Sock Monster

poem by Beverley McWilliams , illustrated by Cheryl Orsini

Learning intention:

I am learning to consider a unique point of view so I can create imaginative poems.  

Success criteria:

  • I can identify the point of view a poem is presented from.  
  • I can generate ideas for creative explanations for everyday occurrences.  
  • I can include my ideas in a poem.  


Essential knowledge

View the video on Point of View from The School Magazine. Ensure students understand that point of view means whose eyes information is viewed from.  


Read Sock Monster or listen to the audio version. Discuss the following questions:  

  • What does the narrator think is happening to their socks? (A monster is stealing them) 
  • How does the narrator feel about the sock monster stealing the socks? (That it is annoying) 
  • What do people usually think happens to their socks when they go missing? (They have got lost somewhere during the laundry process) 
  • How does the point of view, that the monster is to blame, impact the reading of this poem? (It provides and interesting and unique point of view) 
  • Is the idea of a sock stealing monster real or fictional? (Fictional) 


Emphasise that the poem features a unique point of view about the socks going missing and that this is a fictional idea. Flick through the magazine and look at the stories, for example Wullus on page 4 and 5 or The Wrong Spoon, pages 14 to 20. The goal here is to consider the length of the stories rather than to actually read them. Emphasise how much longer the stories are than the poem Sock Monster. Discuss the purpose of poetry (to capture an idea in a short and concise way). Inform students that they will be composing their own poems to express a unique point of view.  
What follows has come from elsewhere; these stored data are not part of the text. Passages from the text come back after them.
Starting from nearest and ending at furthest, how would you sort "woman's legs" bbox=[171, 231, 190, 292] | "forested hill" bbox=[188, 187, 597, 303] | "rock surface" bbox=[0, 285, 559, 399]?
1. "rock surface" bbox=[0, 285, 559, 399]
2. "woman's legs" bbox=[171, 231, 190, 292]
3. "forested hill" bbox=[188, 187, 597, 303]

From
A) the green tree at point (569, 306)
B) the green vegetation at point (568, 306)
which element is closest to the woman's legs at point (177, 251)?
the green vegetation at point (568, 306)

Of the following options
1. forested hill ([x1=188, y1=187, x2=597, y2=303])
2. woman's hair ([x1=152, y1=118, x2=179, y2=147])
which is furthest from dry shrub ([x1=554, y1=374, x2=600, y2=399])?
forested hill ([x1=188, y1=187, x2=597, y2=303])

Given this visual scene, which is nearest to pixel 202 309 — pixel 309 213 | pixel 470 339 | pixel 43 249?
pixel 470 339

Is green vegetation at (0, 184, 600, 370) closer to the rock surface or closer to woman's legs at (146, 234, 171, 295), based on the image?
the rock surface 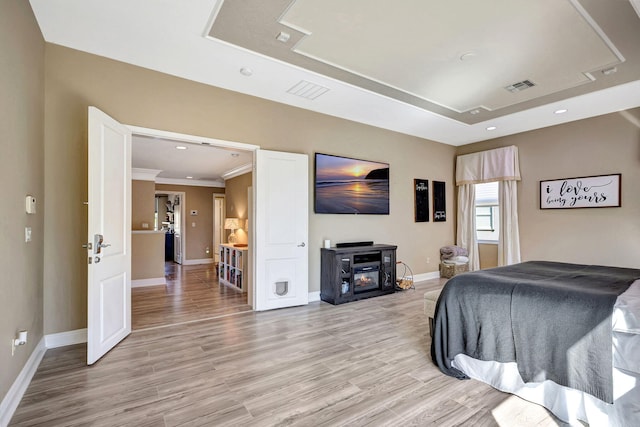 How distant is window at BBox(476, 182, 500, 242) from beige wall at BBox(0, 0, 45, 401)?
269 inches

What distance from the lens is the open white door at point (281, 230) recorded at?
411 centimetres

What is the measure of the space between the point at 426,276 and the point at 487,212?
193 cm

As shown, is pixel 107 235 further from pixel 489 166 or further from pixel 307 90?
pixel 489 166

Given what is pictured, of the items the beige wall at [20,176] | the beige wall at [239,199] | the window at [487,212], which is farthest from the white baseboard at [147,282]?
the window at [487,212]

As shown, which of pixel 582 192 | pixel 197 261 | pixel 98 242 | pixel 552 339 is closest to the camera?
pixel 552 339

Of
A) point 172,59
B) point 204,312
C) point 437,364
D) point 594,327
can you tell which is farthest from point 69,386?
point 594,327

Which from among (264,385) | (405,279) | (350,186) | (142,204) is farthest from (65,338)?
(405,279)

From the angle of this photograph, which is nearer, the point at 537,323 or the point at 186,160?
the point at 537,323

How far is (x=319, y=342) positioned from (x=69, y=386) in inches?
77.7

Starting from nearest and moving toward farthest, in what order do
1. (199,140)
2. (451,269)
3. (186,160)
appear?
(199,140)
(451,269)
(186,160)

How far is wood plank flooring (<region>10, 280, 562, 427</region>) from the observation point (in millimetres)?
1892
Discuss everyday occurrences around the home that could be interpreted as strange. For example, toast getting burnt, losing the car keys, alarms going off without anyone remembering that they set them. Discuss fictional explanations for these events, for example a monster is making them happen, aliens are hiding in the home or goblins work in groups to ensure people face challenges around the home.  
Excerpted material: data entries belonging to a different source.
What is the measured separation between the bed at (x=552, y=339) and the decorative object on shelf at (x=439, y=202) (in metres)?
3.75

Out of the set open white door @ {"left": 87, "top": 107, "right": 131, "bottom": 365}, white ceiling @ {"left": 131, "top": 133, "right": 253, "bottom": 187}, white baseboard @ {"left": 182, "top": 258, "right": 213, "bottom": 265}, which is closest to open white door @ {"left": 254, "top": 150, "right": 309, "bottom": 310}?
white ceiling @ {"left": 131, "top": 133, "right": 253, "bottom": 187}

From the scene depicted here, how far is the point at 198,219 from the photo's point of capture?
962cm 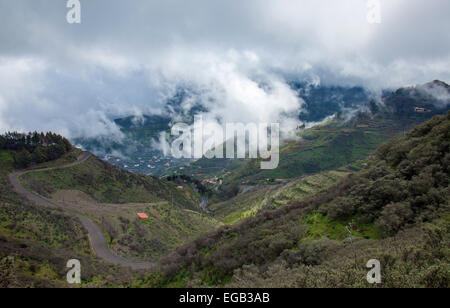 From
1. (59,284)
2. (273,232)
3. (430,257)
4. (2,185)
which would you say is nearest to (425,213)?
(430,257)

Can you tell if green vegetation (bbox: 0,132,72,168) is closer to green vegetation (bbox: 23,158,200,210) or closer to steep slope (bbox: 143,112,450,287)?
green vegetation (bbox: 23,158,200,210)

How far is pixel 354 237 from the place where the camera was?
85.3 ft

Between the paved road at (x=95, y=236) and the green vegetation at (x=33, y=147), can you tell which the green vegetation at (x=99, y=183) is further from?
the green vegetation at (x=33, y=147)

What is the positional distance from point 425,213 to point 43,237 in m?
53.9

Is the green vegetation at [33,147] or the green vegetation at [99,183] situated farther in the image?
the green vegetation at [33,147]

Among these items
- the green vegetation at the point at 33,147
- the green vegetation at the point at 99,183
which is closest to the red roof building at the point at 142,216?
the green vegetation at the point at 99,183

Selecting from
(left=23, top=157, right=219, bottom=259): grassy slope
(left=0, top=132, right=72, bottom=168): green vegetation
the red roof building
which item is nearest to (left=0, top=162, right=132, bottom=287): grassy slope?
(left=23, top=157, right=219, bottom=259): grassy slope

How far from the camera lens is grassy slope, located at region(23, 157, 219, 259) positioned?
A: 2139 inches

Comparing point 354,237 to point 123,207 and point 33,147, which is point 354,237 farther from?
point 33,147

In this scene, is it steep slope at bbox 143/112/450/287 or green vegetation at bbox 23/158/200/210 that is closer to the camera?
steep slope at bbox 143/112/450/287

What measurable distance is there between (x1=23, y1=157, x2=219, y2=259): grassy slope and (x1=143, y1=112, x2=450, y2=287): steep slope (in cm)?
2112

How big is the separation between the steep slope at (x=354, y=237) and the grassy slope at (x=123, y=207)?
21115 millimetres

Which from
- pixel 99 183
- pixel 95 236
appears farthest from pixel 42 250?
pixel 99 183

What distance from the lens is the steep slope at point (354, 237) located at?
588 inches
Inform students that first you will be composing an example of a poem together. Select the topic, the keys going missing.  

Discuss real reasons why keys could go missing, for example, places they may have been dropped, the fact they may have slipped out of a pocket and fallen behind the couch cushions. Discuss more exciting explanations for why the keys might go missing, for example, the dog may hide them so their owners cannot leave, the couch may eat keys for breakfast, or the keys may hide due to being too exhausted from overuse. Discuss vocabulary that might be used in a poem about these ideas and note this on the board. For example:  

  • Keys 
  • Lost 
  • Hide 
  • Sneak 
  • Tired 
  • Overworked  

Note: The book, The Day the Crayons Quit may be a good resource for identifying the points of view of inanimate objects.  
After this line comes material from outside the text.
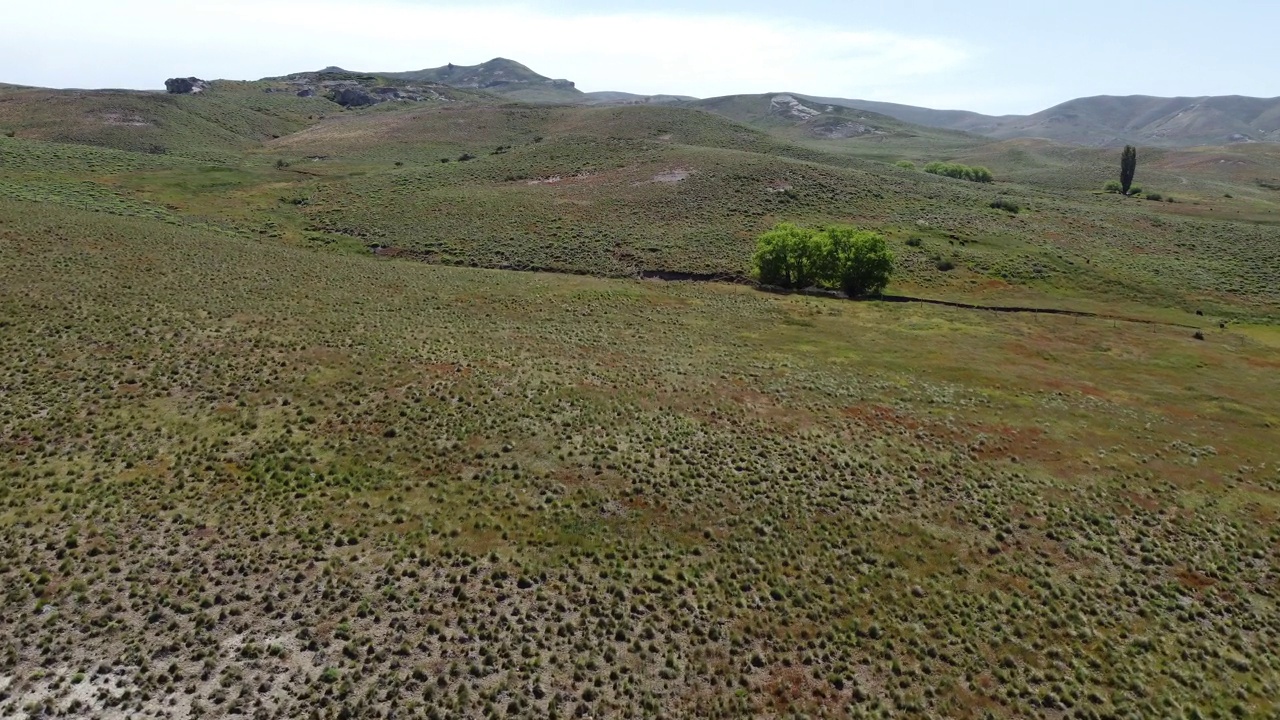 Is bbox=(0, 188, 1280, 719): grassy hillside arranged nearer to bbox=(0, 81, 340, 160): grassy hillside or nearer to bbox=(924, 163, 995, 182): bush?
bbox=(0, 81, 340, 160): grassy hillside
Refer back to Sock Monster and identify the rhyming pattern (ABCB with the second and fourth lines rhyming). Discuss rhyming words for the vocabulary identified. An online rhyming dictionary or a thesaurus might be useful for this. For example:  

  • Keys: bees, trees, knees 
  • Lost: cost 
  • Hide: ride 
  • Sneak: beak 
  • Tired: hired, wired 
  • Overworked: irked, smirked 

Use these ideas to collaboratively compose a poem about keys going missing. For example:  

Those poor tired keys were overworked,  

So they had an idea, sat and smirked, 

They’d sneak away, run and hide,  

Then no longer they’d be forced to ride.  


Their poor owner searched and hunted,  

They huffed and puffed, moaned and grunted,  

Eventually they threw up their hands and quit,  

The keys gleefully rubbed their mitts.  


Place students in pairs and instruct them to compose their own poems by completing the following steps:  

  • Identify an everyday occurrence around the home 
  • Consider reasons why this may occur 
  • Identify creative explanations 
  • List vocabulary  
  • Identify rhyming words 
  • Use these to compose a brief poem 


Assessment as/of learning:  

Place students with another group. Instruct them to read their poems to each other. Instruct the students to use the two stars and a wish strategy to provide each other with feedback.  

Effective Feedback from the NSW Department of Education has more information on different types of feedback.